An image-free reproduction of the data below is needed: print it exactly.

Top of Data for review

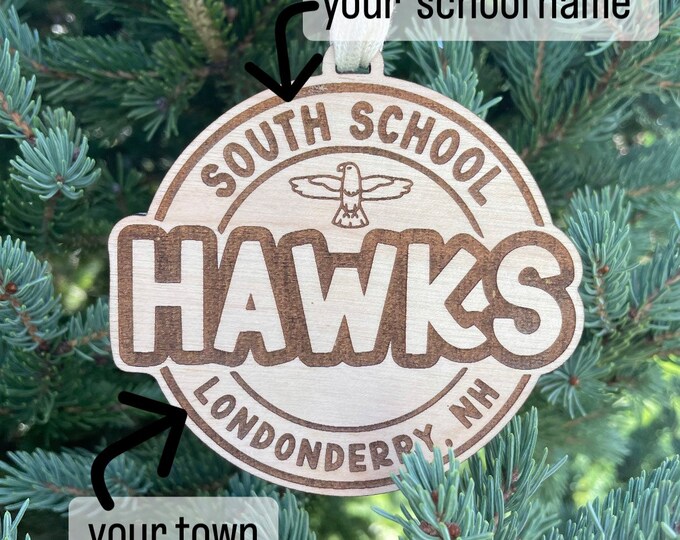 Hawks Mascot School Ornament | School Mascot Ornament | Hawks Team Spirit Ornament | Custom School Ornament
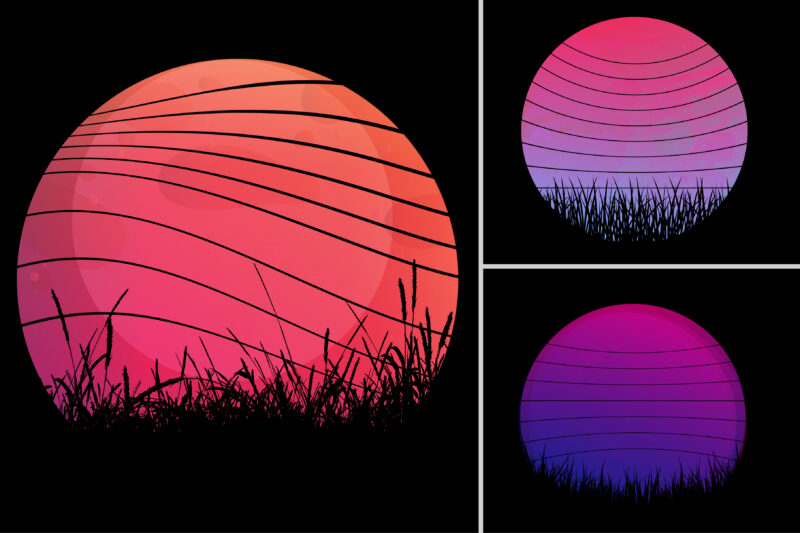 Sunset Colorful Background for T-Shirt Design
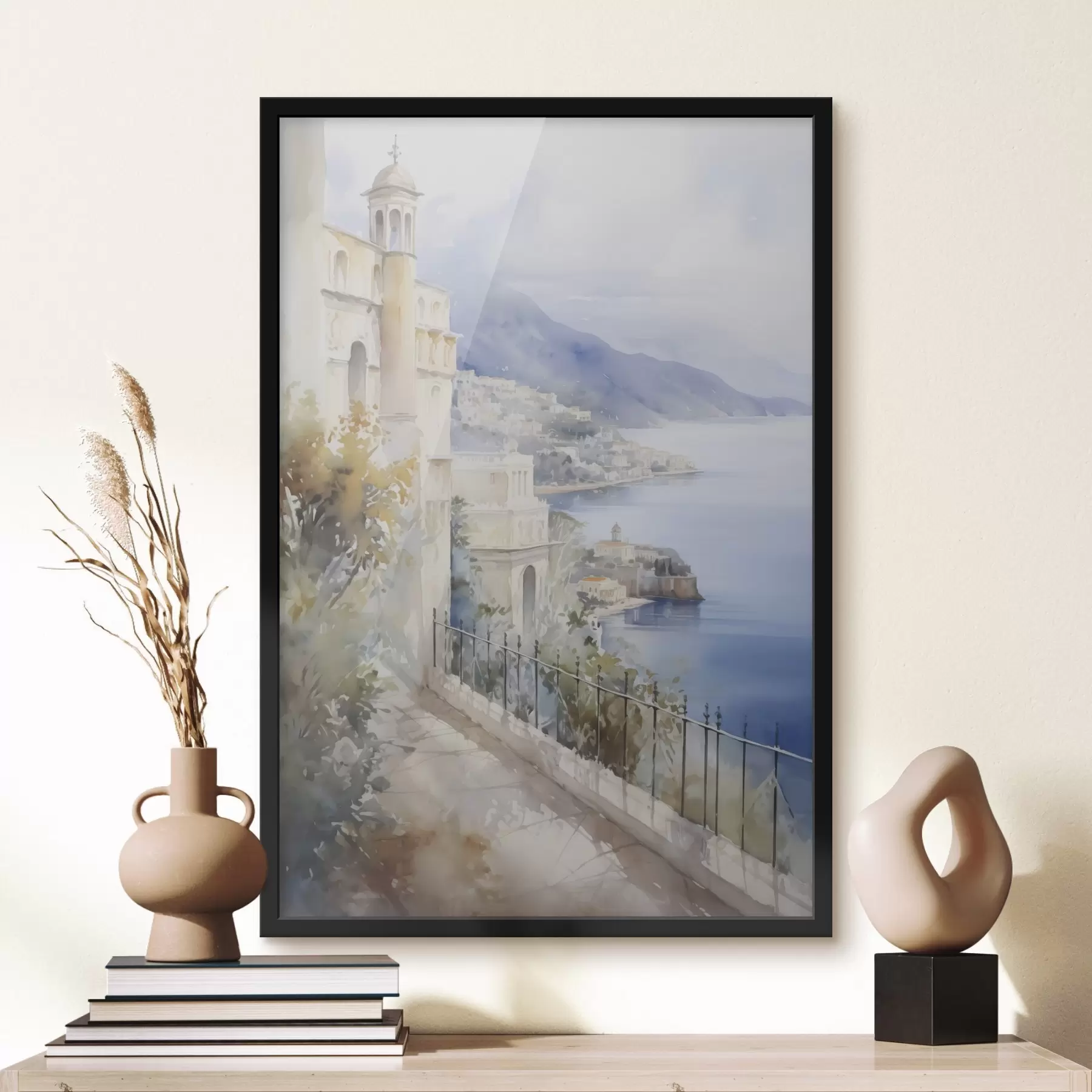 Fototapetes Līcis pie pilsētas akvareļa imitācija f45979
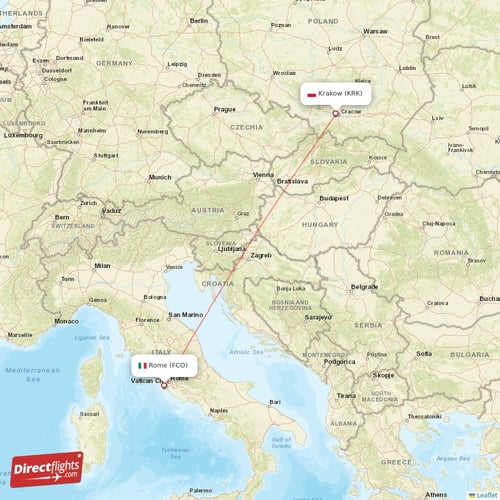 Rome - Krakow direct flight map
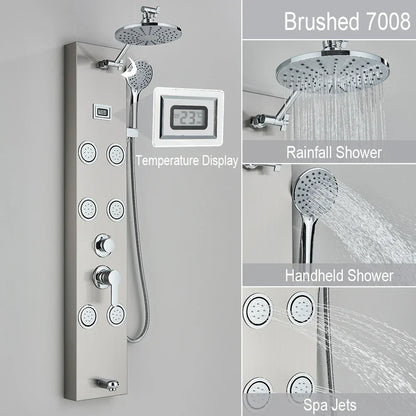 DecorBites™ Rainfall Shower Panel with Storage Rack and Massage Jets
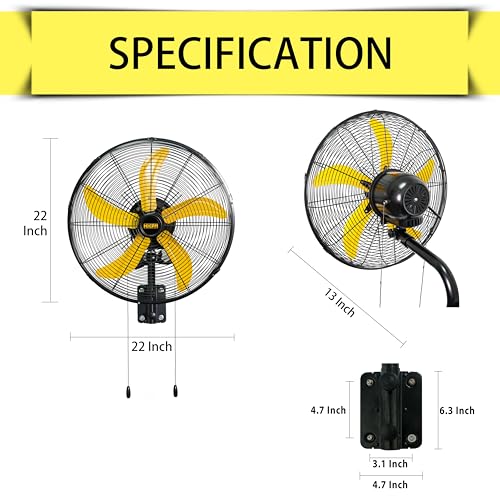 20" Oscillating Wall Mount Fan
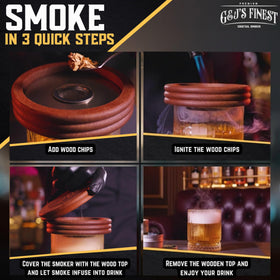 Open flame channel delivers even smoke into glasses.
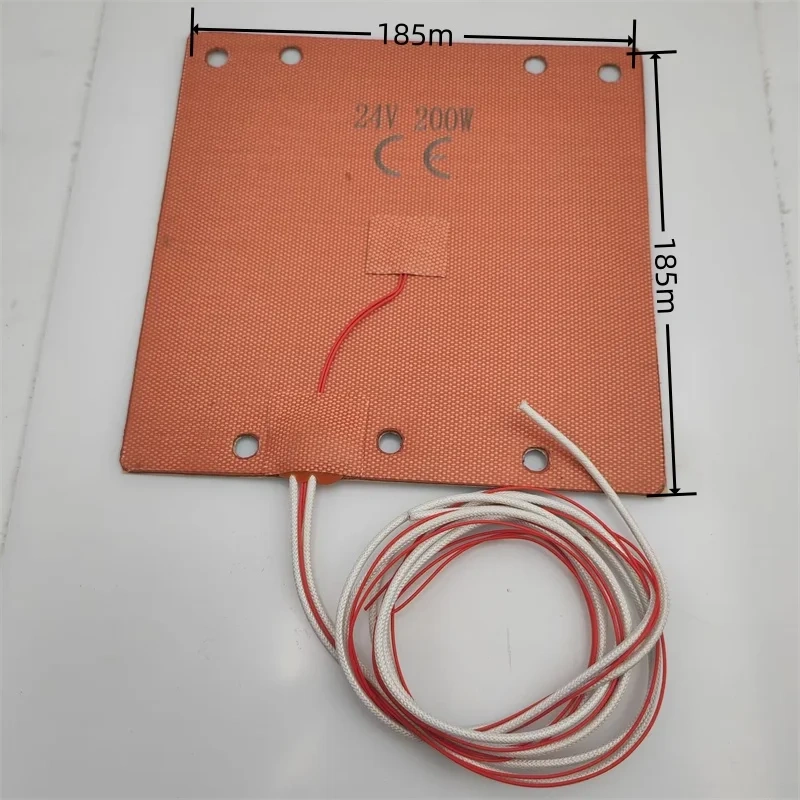 Funssor  Silicone Heater Pad 24V 200W silicone Heatbed with cable for Micron + Plus and Sald Fork 180mm 3D printer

Bottom of Data for review

# [Finished exercise]
 Hawks Mascot School Ornament | School Mascot Ornament | Hawks Team Spirit Ornament | Custom School Ornament
 Sunset Colorful Background for T-Shirt Design
 Fototapetes Līcis pie pilsētas akvareļa imitācija f45979
 Rome - Krakow direct flight map
 DecorBites™ Rainfall Shower Panel with Storage Rack and Massage Jets
 20" Oscillating Wall Mount Fan
 Open flame channel delivers even smoke into glasses.
 Funssor  Silicone Heater Pad 24V 200W silicone Heatbed with cable for Micron + Plus and Sald Fork 180mm 3D printer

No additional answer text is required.